Imagine, for a moment, that you’re taking part in a marathon, a 42 kilometre foot race with several hills to climb, run on a hot day. Around you hundreds of other runners are battling, as are you, with pain, cramps, weariness. Along the route there are those watering stations you find at all the large marathon events. (trestle tables with volunteers, anxious to hand out sachets of water, and cool, damp sponges, to the athletes as they trundle past.) Now suppose you had the sole right, among the participating athletes, to collect water and sponges along the route. You, only you, are entitled to take the little plastic containers that are held out to you – none of the other athletes are. You exercise this right vigorously, grabbing several baggies, and sponges, at each water station, stuffing those you can’t immediately use into your vests and the top of your jogging shorts. Around you others are dehydrating, cramping, going through various forms of hell due to a lack of fluid but you have a plentiful supply – dozens of extra bags, in fact, distributed about your person. Every few seconds a fellow stressed athlete begs you for some water but you ignore these requests – you, after all, are the sole authorised water user in the race and why should you part with that valuable right?
This hypothetical race would have two consequences. Around you runners would be dropping like flies, stumbling and falling as their severely dehydrated bodies seize up, unable to cope with the stress. And you – you’d be staggering through the course, weighed down by anxiety and the increasingly heavy burden of the water sacks and sponges you’re collecting at each refreshment station.

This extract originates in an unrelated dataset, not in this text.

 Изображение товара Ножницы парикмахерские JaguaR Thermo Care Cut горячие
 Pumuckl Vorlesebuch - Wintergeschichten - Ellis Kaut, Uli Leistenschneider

A pretty ridiculous picture. If, for whatever bizarre reason, you did have the sole water collecting rights in our make believe race, you’d share the water out with others in distress. You’d probably, in fact, publicly renounce your right, instructing the equally stressed race officials to make sure that water and sponges are handed out to everyone. You also wouldn’t load yourself up with more water than was needed to get you to the next refreshment station.
Why, then, do so many of us intelligent beings handle the race of life like the marathon athlete we’ve just described? We stress and hope and pray that we’ll be able to develop the skills, the product, the acumen, that will enable us to scoop the kitty, financially speaking, rocketing us into the league where we earn the really big bucks. We strain, sweat, strive, compete, in order to achieve that goal. But as and when this dream becomes a reality, as we start raking in the dollars and our lifestyles become more comfortable and perhaps even extravagant, we develop two obsessions, twin anxieties which take up much of our time and energy – how do we keep what we’ve earned, and how do we get more? Analyse the thoughts and motions which drive just about all of our actions, especially those during working hours, and you’ll find that they’re based on these two considerations – freeze onto what you have; reach out and grab some more.